══ Information shown

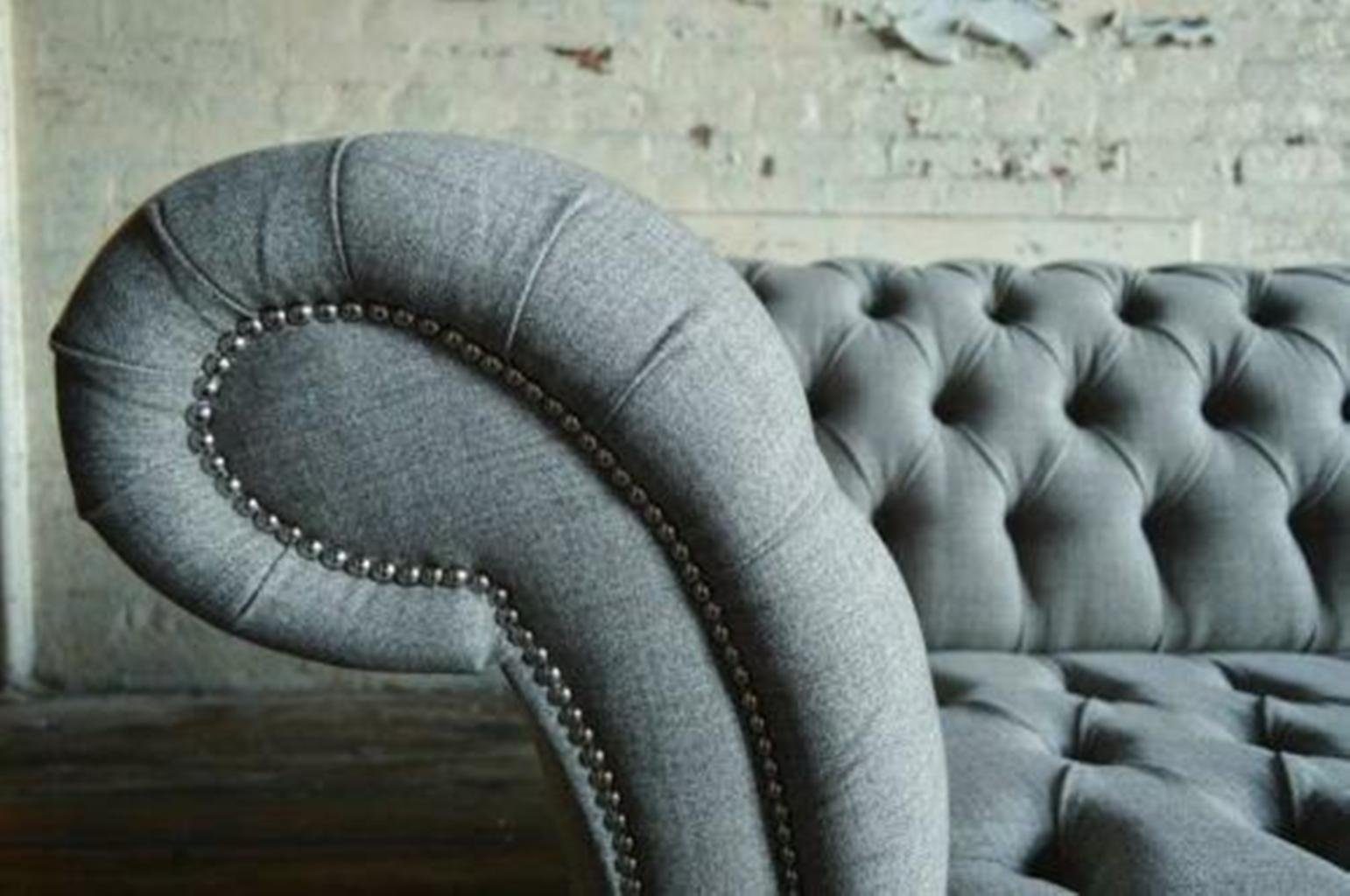 JVmoebel Chesterfield-Sofa, Chesterfield Couch Textil Wohnzimmer Design Big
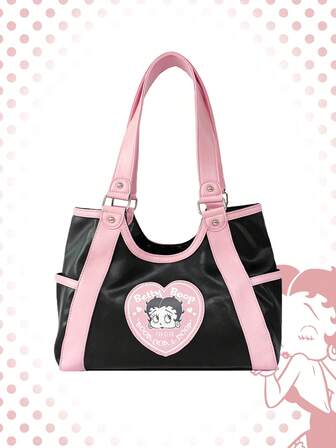 Betty Boop | ROMWE Borsa a tracolla con figura di cartone animato e blocchi di colore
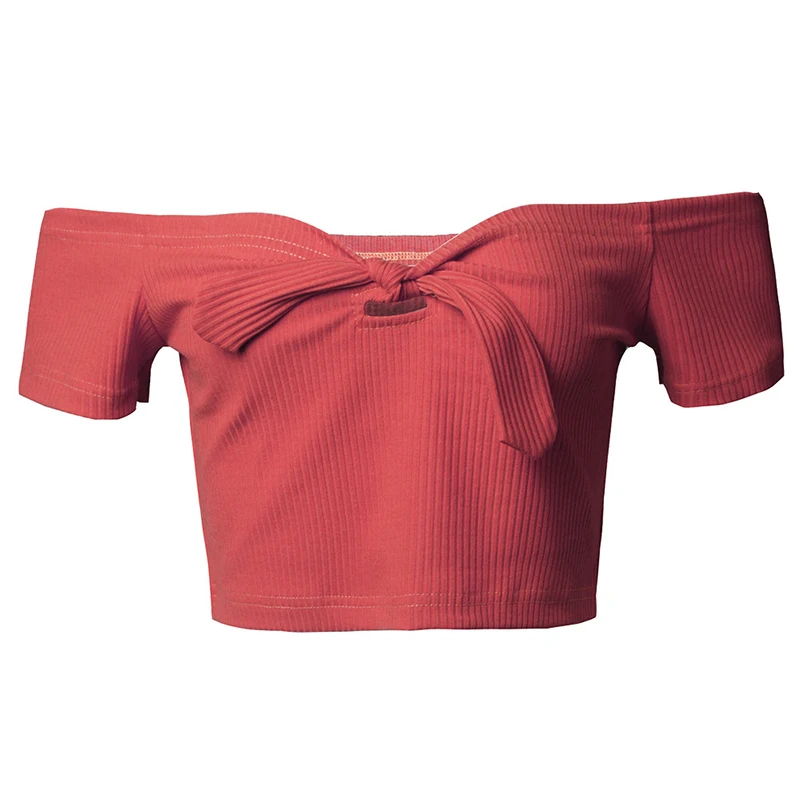 2019 Fashion Sexy Women Short Sleeve T-shirt Ladies Off Shoulder Casual White Red Black Short Shirt Tops Women Summer Crops Tops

════

Everything in the data except the pictures must be retyped exactly.

 JVmoebel Chesterfield-Sofa, Chesterfield Couch Textil Wohnzimmer Design Big
 Betty Boop | ROMWE Borsa a tracolla con figura di cartone animato e blocchi di colore
 2019 Fashion Sexy Women Short Sleeve T-shirt Ladies Off Shoulder Casual White Red Black Short Shirt Tops Women Summer Crops Tops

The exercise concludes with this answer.